Find the relationship between consecutive months. Show the correlation through a scatter plot.
library(dplyr)
library(ggplot2)
library(lubridate)
# Aggregate the data by month
BitCoin_df_monthly <- BitCoin_df %>%
mutate(YearMonth = floor_date(Date, "month")) %>%
group_by(YearMonth) %>%
summarise(Monthly_Close = last(Close)) %>%
arrange(YearMonth)
# Create a new column for the previous month's closing price
BitCoin_df_monthly <- BitCoin_df_monthly %>%
mutate(Prev_Month_Close = lag(Monthly_Close, 1))
# Remove the first row with NA value in Prev_Month_Close
BitCoin_df_monthly <- BitCoin_df_monthly %>%
filter(!is.na(Prev_Month_Close))
# Calculate the correlation
monthly_correlation <- cor(BitCoin_df_monthly$Monthly_Close, BitCoin_df_monthly$Prev_Month_Close)

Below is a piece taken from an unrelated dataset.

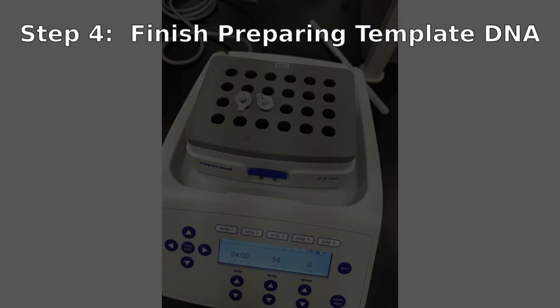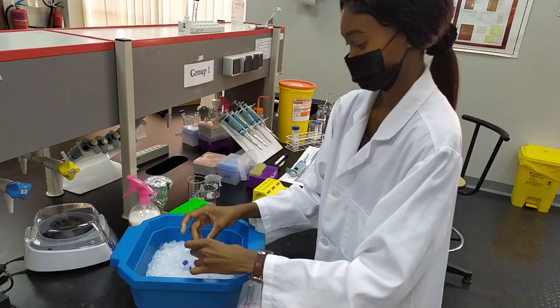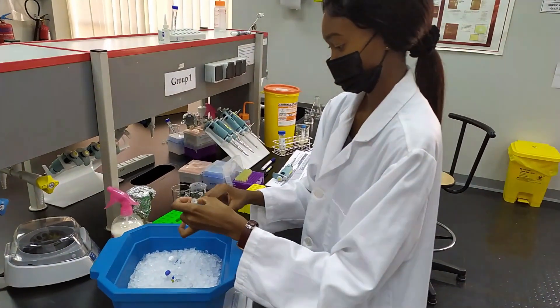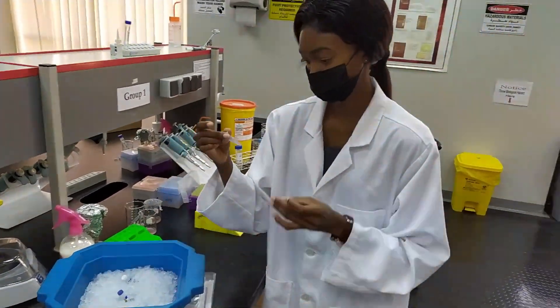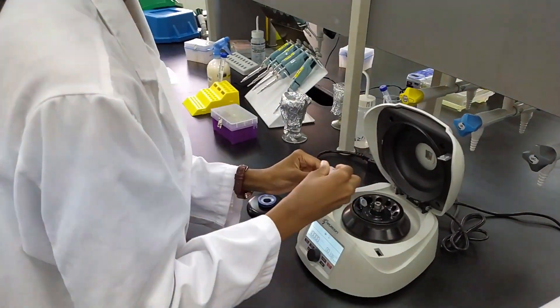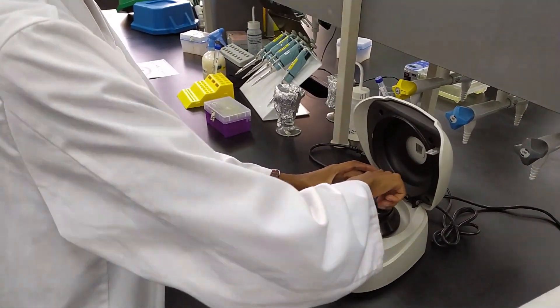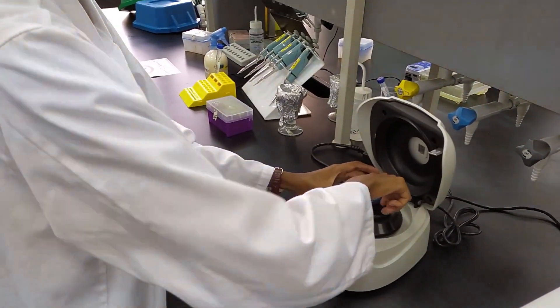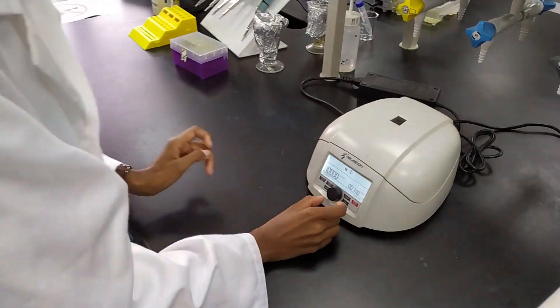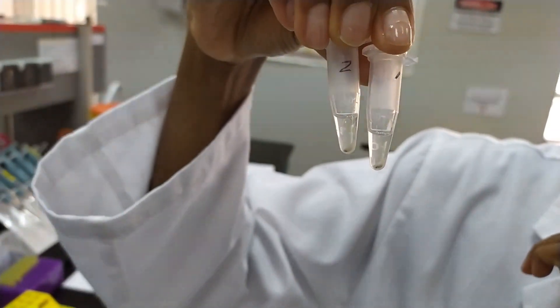Once your master mix is ready, you can go back to your heating block and retrieve your samples. Keep in mind that any time you heat samples at high heat for any length of time, some of the liquid in your tube will evaporate and it will be in the vapor phase. Whenever you are doing any kind of heating, the next step should be to put your tubes back on ice. This will allow all the liquid to condense and settle on the sides of the tubes. After this, you will spin your test tubes down to collect all the liquid, and it will also help to separate the supernatant, which will contain the plasmid DNA, from the rest of the lysed cell components. Once you have completed your centrifugation, you are ready to set up your PCR.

print(paste("Correlation between consecutive months: ", monthly_correlation))## [1] "Correlation between consecutive months: 0.961776393506846"
# Create a scatter plot
ggplot(BitCoin_df_monthly, aes(x = Prev_Month_Close, y = Monthly_Close)) +
geom_point(color = "blue") +
labs(title = "Scatter Plot of Consecutive Month Prices",
subtitle = paste("Correlation: ", round(monthly_correlation, 2)),
x = "Previous Month Close Price",
y = "Current Month Close Price") +
theme_minimal()
Code explanation here
The scatter plot provides a clear visual representation of the relationship between Bitcoin prices in consecutive months, highlighting the strong correlation 0.96 and linear trend, which are valuable for analyses and decision-making processes.
- Horizontal Axis (Previous Month Close Price): Represents the closing price of Bitcoin for the previous month.
- Vertical Axis (Current Month Close Price): Represents the closing price of Bitcoin for the current month.
- Blue Dots: Each dot represents the closing price of Bitcoin for a specific month plotted against the closing price of the previous month.
- Correlation Value: Displayed at the top of the chart, it quantifies the strength of the relationship between - consecutive month’s prices.